3. Attract Insect Eating Birds

Birds such as Robins, Wrens, Honeyeaters, Pardalotes, Willy Wagtails, Thornbills, Flycatchers, Warblers and Treecreepers are primarily insect feeders and help to control pest problems, including aphids, scale, caterpillars and grasshoppers. To attract birds provide safe nesting sites, free from predators and with privacy. Dense plantings of native shrubs, in out-of-the-way corners of the garden will provide important nesting sites for smaller birds, and as a bonus, can be chosen to provide nectar to attract nectar feeding birds such as Honeyeaters.

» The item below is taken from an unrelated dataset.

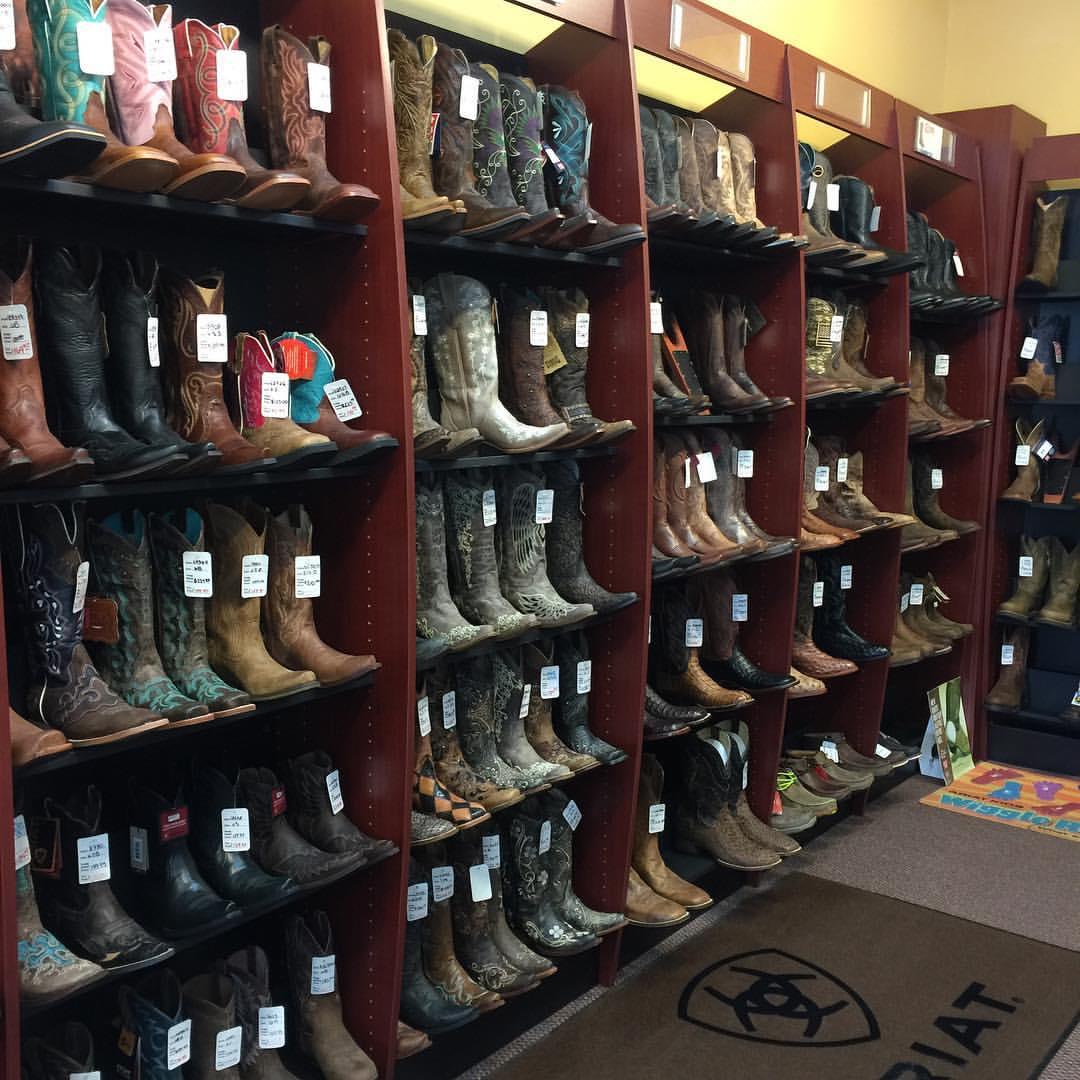 Boots and Buckles (@traciesboots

Including prickly shrubs gives added protection from cats.

Suitable shrubs include:
  • Grevillea species including Grevillea 'Ivanhoe', G. aspleniifolia, G. banksii, G. 'Boongala Spinebill', G. 'CoastalGlow', G. 'Honey Gem', G. hookeriana, G. 'Kay Williams', G. 'Moonlight'
  • Hakea species including Hakea gibbosa, H. salicifolia, H. corymbosa, H. sericea, H. teretifolia
  • Leptospermum species including Leptospermum polygalifolium, L. 'Cardwell', L. 'Copper Glow', L. petersonii
  • Melaleuca species including Melaleuca linariifolia, M. nodosa, M. styphelioides, M. squarrosa, M. brassii
In an urban landscape nesting sites for birds that require hollow trees are few and far between. It can take 150 years for a tree to develop a hollow large enough to house owls, parrots, gliders, possums and small insect eating bats. Provision of nesting boxes by urban residents can meet an urgent need, and help to maintain a rich diversity of wildlife. Small, insectivorous bats are nocturnal feeders, and play an important role in the control of night flying insects, including mosquitoes. Sugar Gliders mainly eat insects, such as leaf-eating beetles, moths, grasshoppers and caterpillars; they also feed on sap-suckers that excrete honeydew, such as scale.

4. Water In The Landscape

Water is an essential element in the landscape, whether it is a birdbath or small pond. Providing a reliable source of water for birds allows them to nest in the garden. Birdbaths should be placed close to a nearby refuge of densely foliaged shrubs, to allow easy escape from predators. Fitting any cats with multiple, small bells, or a mirrored collar, help to prevent decimation of the wildlife population, as does restricting their wandering.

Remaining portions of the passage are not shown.